He also said he would like to see requirements in the contract such as allowing someone such as Police Chief Fred Beltran to make random inspections of the facility and having the kitchen supervised at all times.
The facility would be licensed by the state Department of Alcohol and Drug Programs. The facility would be built and run by a private firm. All the city would do is provide the land for it.
The Westmorland facility would create a minimum of 10 full-time jobs: an administrator, about two counselors, one business manager, cooks, maintenance workers and possibly security guards.
The city could require the firm hire at least six individuals from the community.
The facility would look like a nursing home and not a prison, according to those involved .
The women would be referred from drug court programs across the state, and possibly from Imperial County and the state Department of Corrections. Private pay clients would be accepted..
The facility would cost about $2.5 million to build and the city Redevelopment Agency would receive $25,000 in property tax revenue every year from it.
Council members said they already have an ideal site for the facility, about 12 acres north of the new sewer treatment plant.
The facility would only require 2 to 3 acres but if it is a success, meaning no problems arise, it could be expanded to house more women.
City Councilman Lawrence Ritchie said, "If we started this program, I think it would grow."
Councilman Henry Halcon suggested the council stage a special meeting to further discuss the facility and answer any questions the public might have.
The meeting will be announced at a later time.
In other action, the water bill controversy was put to rest.
City water bills had been due the 22nd of each month. The problem the city faced was many residents were regularly asking for extensions. The council decided it would be best to change the due date to the fifth of every month.
At the last council meeting, residents expressed displeasure with the changing of the due date, so the council changed back to the original due date.
The only change will be there will be no extensions given unless there is a health risk to the customer.
Another item the City Council will be addressing is a nuisance abatement ordinance.
The council is discussing an ordinance that would require residents to clean their yards if they become a hazard.
The idea is for a private company to come into the city to do inspections and if the company finds a residence a hazard, it would notify the owner and give the owner time to clean it.
If the owner did not comply, the company would clean the yard and charge the owner.
Many at the meeting were concerned about elderly residents who can't clean their yards. They also were concerned about having an out-of-town company cleaning their yards without them knowing it.

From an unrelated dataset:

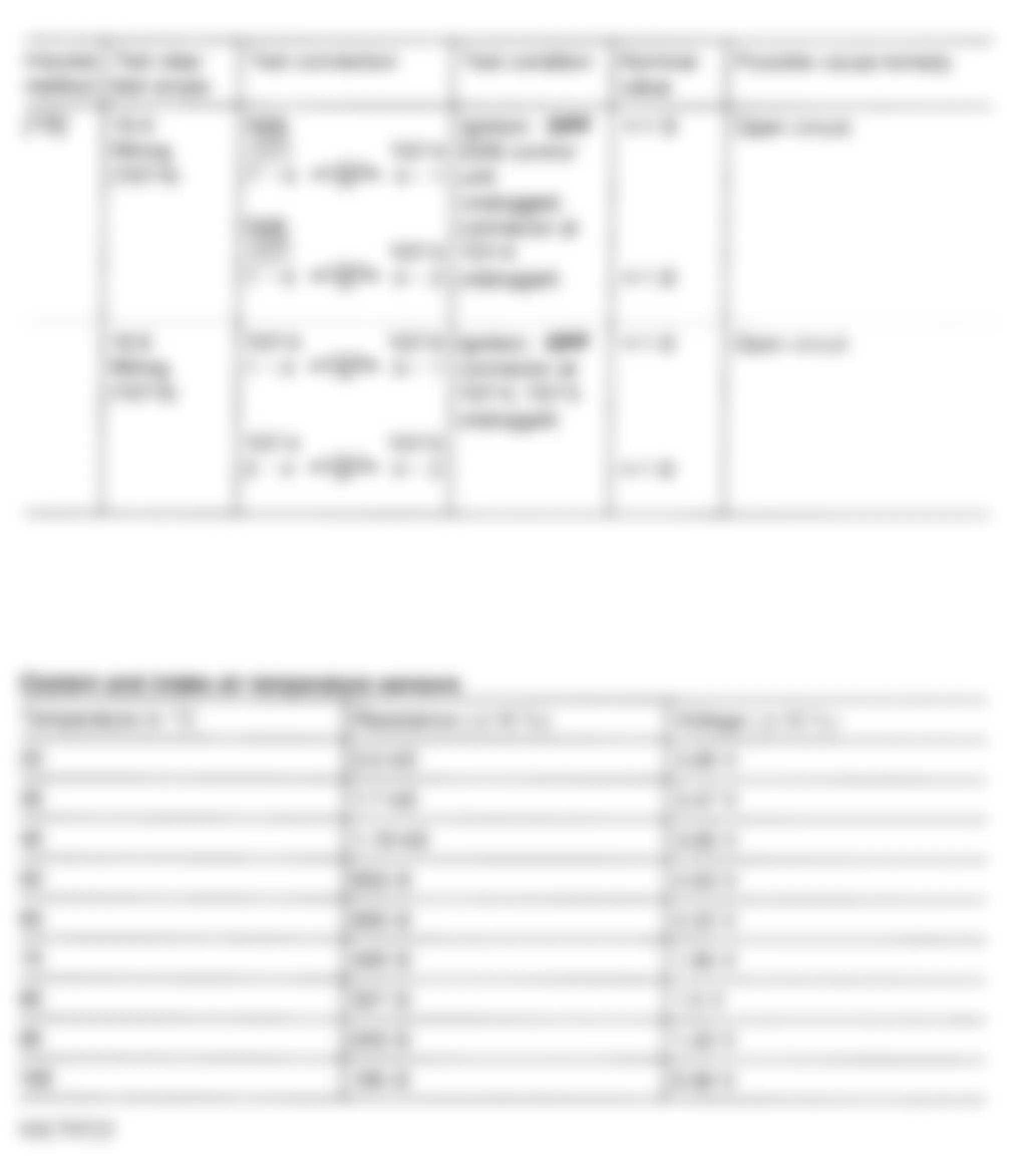 Mercedes-Benz 300D 1992 - Component Locations -  2.5L Fault Code Diagnosis (9 of 9)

Mayor Thomas Marquez responded, "You're not going to be tagged one day and then have the company cleaning your yard the next day."
"It is a timely manner, where the company will give the owner weeks or even months to clean the hazard," he said.
He also told residents the council has the final word on who gets targeted. The company will have to come before the council seeking permission to clean a property if the owner doesn't do it.
The problem, council members said, is there are many individuals who own property in the city but don't live there and don't care if the property is a hazard or an eyesore.
Halcon said the city has tried to force such individuals to clean the yards but they simply don't care.
The issue will come up again during the next council meeting.
During the staff reports portion of the meeting, Halcon reported residents have asked him about having Brawley's Dial-A-Ride come to Westmorland.
He said he will talk to Brawley City Manager Jerry Santillan and Kathy Williams of the Imperial Valley Association of Governments about the idea.